Page last updated at 04:56 GMT, Friday, 2 January 2009

Two Vietnamese editors sacked

Nguyen Cong Khe, former editor of Thanh Nien newspaper
Nguyen Cong Khe: "Tearful" farewell party

The authorities in Vietnam have sacked the editors of the country's two largest pro-reform newspapers.

Nguyen Cong Khe and Le Hoang were ousted months after two of their journalists went on trial over coverage of a government corruption scandal.

Correspondents say the two papers concerned - Thanh Nien and Tuoi Tre -have taken a leading role in exposing allegations of official corruption.

Vietnam has recently toughened reporting restrictions.


According to Giang Nguyen, from the BBC's Vietnamese Service, the loss of the two editors was a shock in the final hours of 2008.

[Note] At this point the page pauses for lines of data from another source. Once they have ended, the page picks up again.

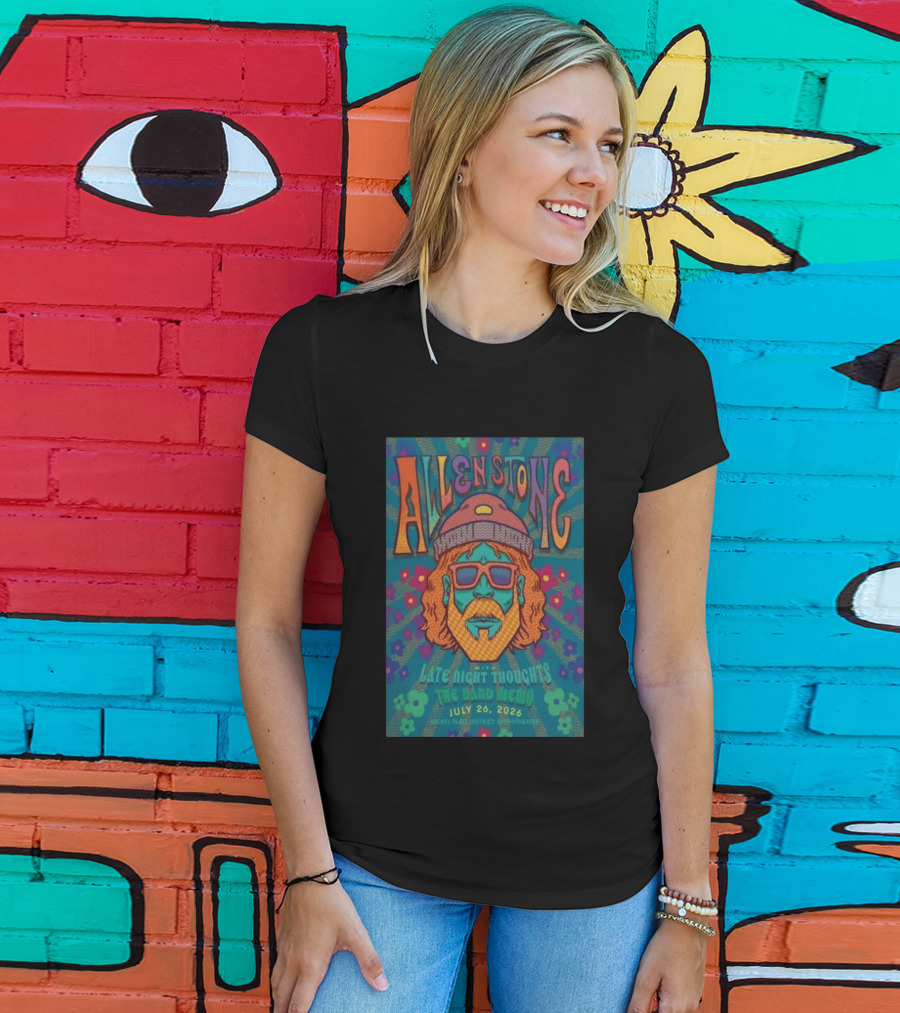 Allen Stone Fishers Indiana Late Night Thoughts The Band Memo July 26 2026 Nickel Plate District Amphitheater T-Shirt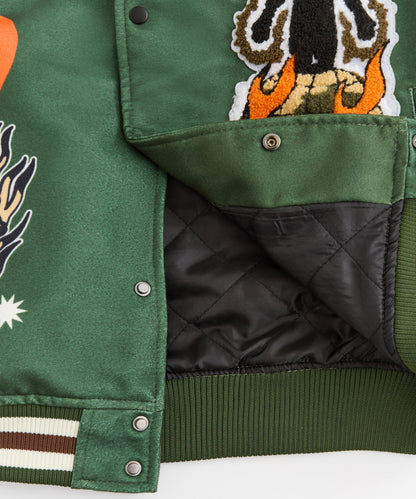 Reason Clothing Great Value Rise Above Varsity Jacket - Green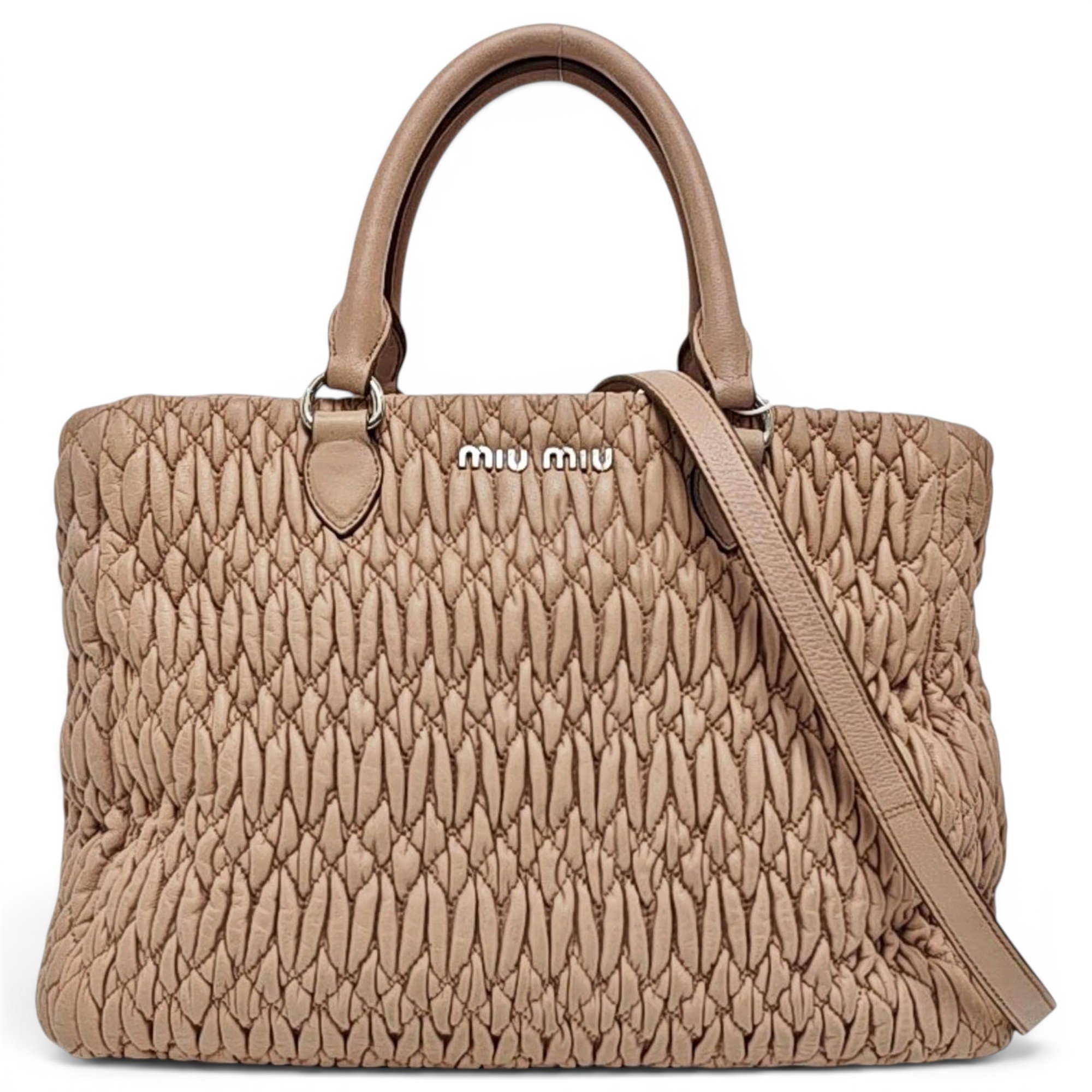 Miu Crystal leather handbag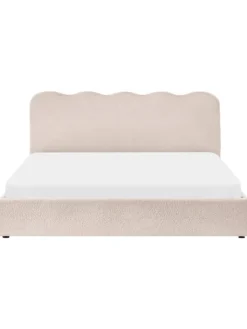 Beliani Betten & Matratzen<Doppelbett NANTERRE in Beige - (W) 187 x (H) 104 x (L) 215 cm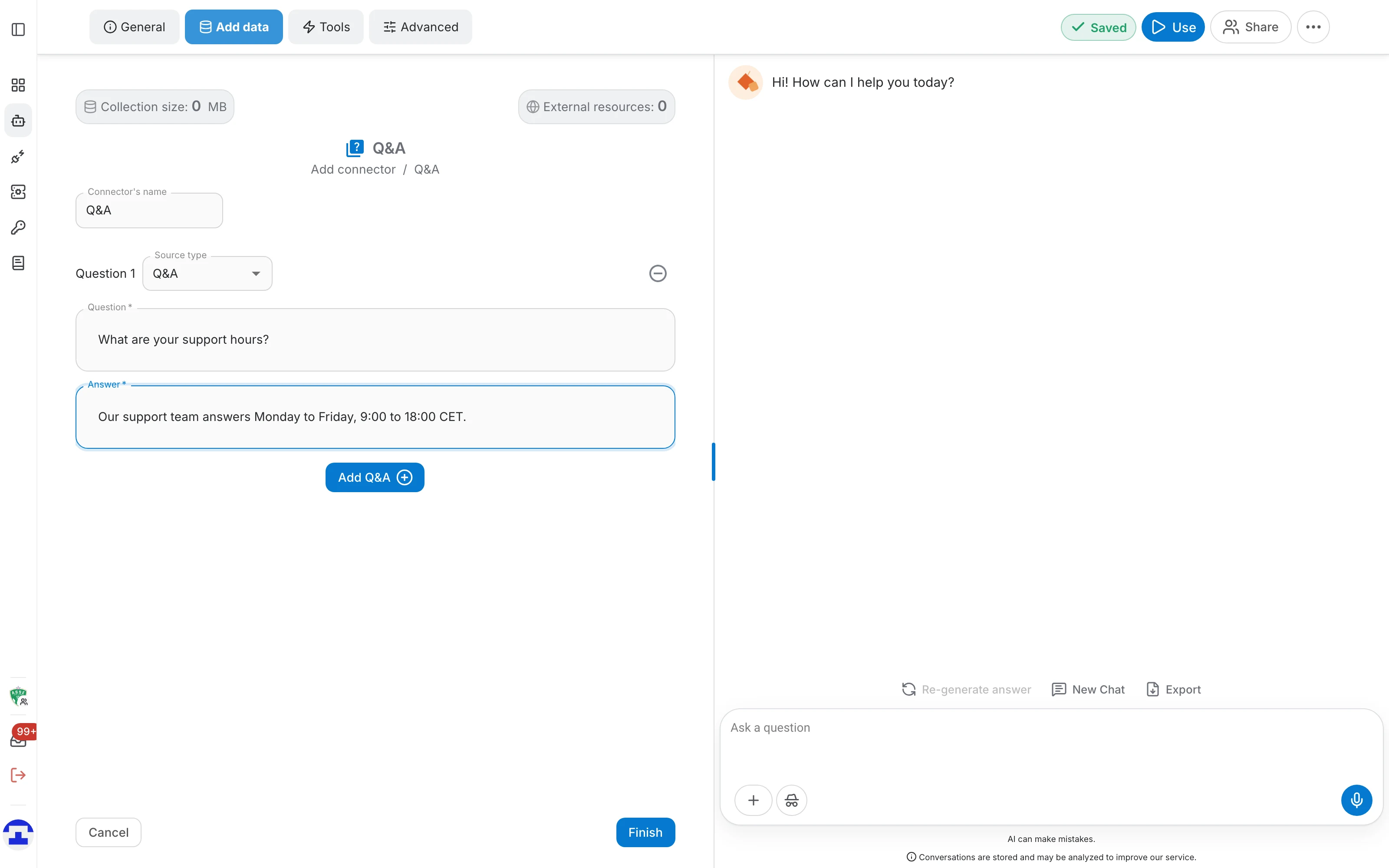Q&A connector form with a question and an answer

The farewell party to Nguyen Cong Khe at Thanh Nien newspaper was described by an insider as "tearful".

Tuoi Tre's boss Le Hoang was reported to have agreed with his redeployment to a new job in the publishing business.

Nguyen Viet Chien and Nguyen Van Hai, reporters for the two papers, had been picked to stand trial in October for vigorous reporting of a major corruption case.

Our correspondent says they appeared to fall victim of a new policy pursued by the Communist Party to tighten control over the flow of news and information, both in the state-run media and the private blogosphere.

But moves by the ruling party to put more restrictions on the media has not stopped with these southern newspapers, our correspondent says.

Vietnamese media reports confirm that two other newspapers, Legality and Saigon Business People, also lost their editors-in-chief in December 2008.

Just two months earlier, Mr Ly Tien Dzung, a veteran journalist and the editor of Dai Doan Ket paper, was 'disciplined' and sacked for publishing a letter criticising the current leadership's handling of a public construction project.

Internet dilemma

Man reading paper Oct 08
Newspapers and the internet are read avidly in Vietnam
The government has recently spoken of the need to build new legal frameworks for the media.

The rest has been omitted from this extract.